4. After Security, Attention Opens Toward Discretionary Choice
Once travelers cleared security, the character of their attention changed. The intense coordination of traffic, timing, bags, and boarding gave way to something looser. Beyond necessities like restrooms or charging, travelers began thinking about food, lounge access, or simply how to pass time. A similar pattern appeared at arrival. The immediate moment was task-heavy — baggage retrieval, ground transport, connections — but travelers were already thinking ahead to choices beyond the airport.
"I will also frequently go to the website of the specific airport to see what food options there are... But I'll do it in the app if that's an option." — Isabel
The similar pattern appears again after landing. While more task heavy—travelers must retrive baggage, locate ground transportation, understand connection status—they may be thinking ahead to choices beyond the airport.
"When I got to the Barcelona airport the app was just not correct in terms of... picking up bags... It would be kinda helpful if it could kinda, like, better geolocate you." — Anya
These post-security and arrival windows revealed opportunities for Travel Mode enhancements. Food discovery, airport retail, lounge prompts, post-arrival guidance, and partner integrations are spaces of customer demand that every main carrier in the study did not yet fully or adequately support.
Impact
The research resulted in four outcomes: two that now live in the app, and two future directions:
Informed the development of Travel Mode. The research helped establish what should earn priority in the day-of-travel experience — security wait times, boarding progress, bag location, and arrival details like destination weather and rideshare pickup — the signals travelers work hardest to coordinate. These same principles are being applied to partner integrations like Lyft and Uber — using them to help customers complete travel tasks at the right moment, rather than to surface offers.
Informed the security wait times feature and delays communication. The research supported surfacing predicted checkpoint wait times so travelers can time their arrival, and informed more specific intervals for delay communication across the day rather than a single generic update.
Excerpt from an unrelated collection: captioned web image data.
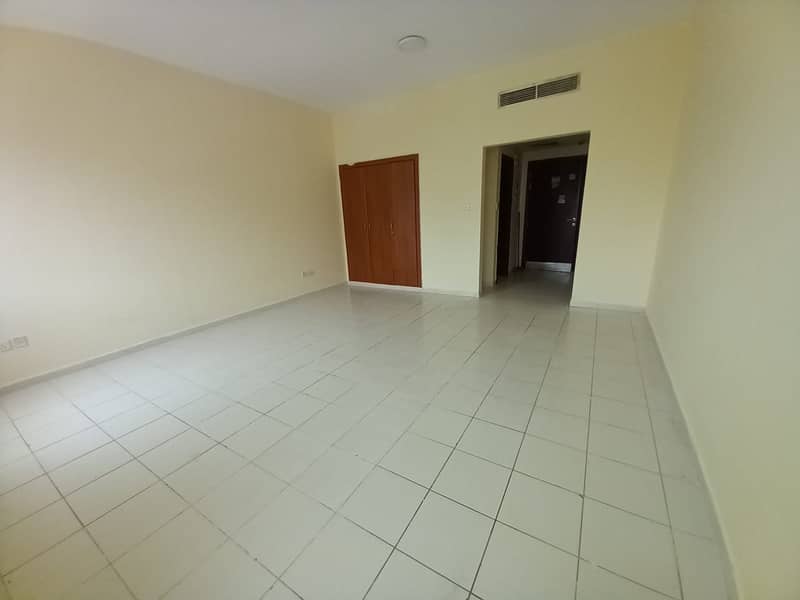 استوديو مدهش تمت صيانته جيدًا متوفر في مجموعة فرنسا ، المدينة الدولية. استوديو مدهش تمت صيانته جيدًا متوفر في مجموعة فرنسا ، المدينة الدولية.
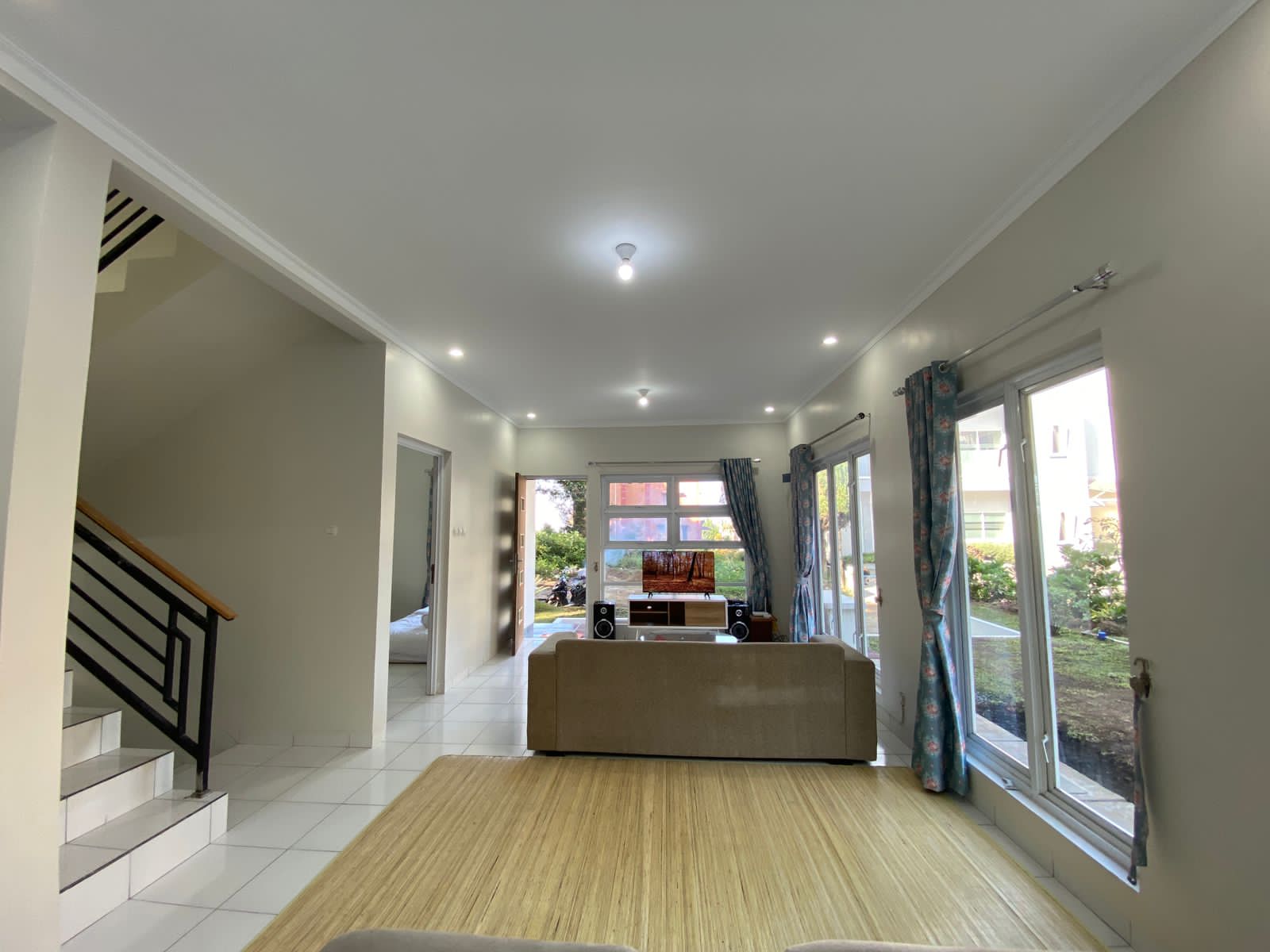 f5ba8148-05a4-4015-8712-b560bb294371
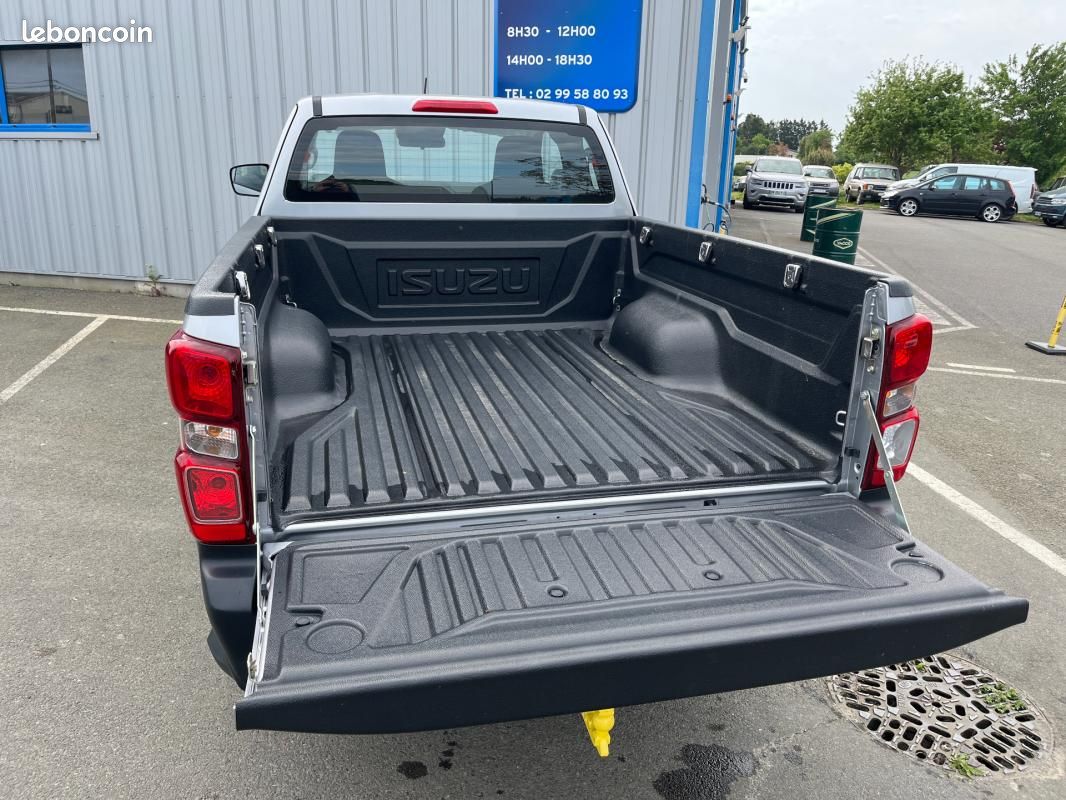 Isuzu D-max *31 658 HT* N60 SPACE CAB 1.9 164 CH 4X4 BVA B (image 9)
Security and delays are travelers' main worries, and the strongest drivers of how they judge the whole day — which is why they were priorities for clearer, earlier communication.
Location opt-in as a way to align the app with the traveler's situation. The research opened a new avenue here: how consent-based location sharing might better align the app with where the traveler actually is, and make more discretionary opportunities possible later in the trip. Used well, location could sharpen timing guidance across departure, security, post-security, and arrival. The open question is keeping it assistive rather than intrusive.
AI as a coordination layer. Research has already begun looking at how AI might integrate information across timing signals — traffic, security, delays, boarding, connection risk — without becoming another layer travelers have to manage. Travelers already reach for AI tools to do this synthesis themselves across multiple time windows.